Passenger Ship in Pankow
How an architectural firm unlocked potential and created much-needed staff housing for Charité
Berlin's geography once seemed simple: West and East. After reunification, Prenzlauer Berg became the city's most coveted neighborhood. Then, in 2001, the territorial reform stripped the still-fashionable district of its independence, absorbing it into Pankow. Part of Storkower Strasse now shares this fate. While exploring their new district, architects deluse hernandez architects spotted a relic of East German prefab housing—a Plattenbauten with a single stairwell. The building's narrow footprint had necessitated an extraordinarily wide fire-access road. When two additional staircases were added after the Wall fell for safety reasons, something unexpected happened: the bypass suddenly became redundant, freeing up a substantial buildable area at the rear of the site. This simple observation would spark an ambitious development.

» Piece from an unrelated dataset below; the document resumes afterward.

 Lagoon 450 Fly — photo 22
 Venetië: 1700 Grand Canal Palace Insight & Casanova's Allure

What began as an architects' vision to unlock building potential became reality. When the state-owned developer Berlinovo decided to develop the newly opened site, they entrusted the project's originators with designing the building. Today, a seven-storey residential building stands here, housing 76 one- and two-bedroom apartments. The challenge was ambitious: maximize apartments within a 465 m² footprint while providing urgently needed housing for Charité nursing staff. Handed over to residents in autumn 2023, the building's form is distinctly unconventional. Oriented perpendicular to Storkower Strasse at 22 metres high, its massing steps down in three tiers toward the Ringbahn railway—a composition that evokes a ship with staggered decks. Generous communal roof terraces were integrated into the design from the start. Built in solid construction with a white rendered façade, the architects achieved a total of 1,944 m² of living space. With over 70 apartments on this footprint, the efficiency is remarkable. Per building classification standards, it qualifies as a special building in class 5, a category reserved for staff accommodation.

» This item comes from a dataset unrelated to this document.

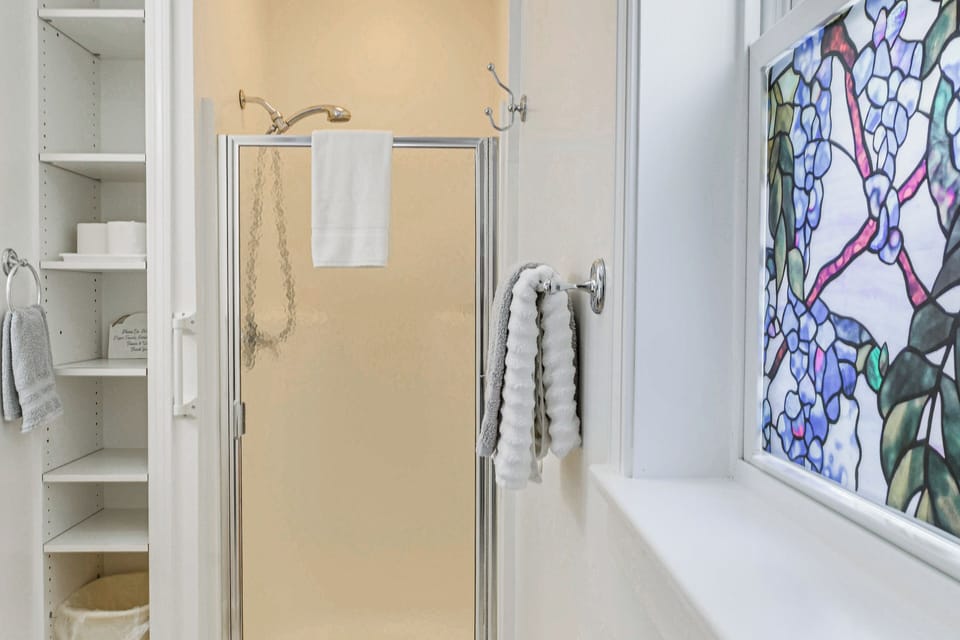 Unbeatable Downtown Location! Bar Harbor Apt Apartment in Acadia National Park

The interior fit-out prioritizes economy—essential for keeping rents affordable. Vertical photovoltaic panels and rooftop solar thermal systems help the building achieve Energy Efficiency Level 40. Wedged between two existing structures, with one neighbor directly fronting the street, the building required careful massing to provide secondary access. The surrounding urban fabric—a residential tower, shops, offices, and a gas station—forms a deliberately mixed context. Yet the new structure unites these disparate elements into coherent whole, its presence anchoring the neighborhood's orientation toward the S-Bahn tracks, the district's vital artery. Directly to the south lie iconic sports venues: Dominique Perrault's striking velodrome and the Europa Sport Park's aquatic center.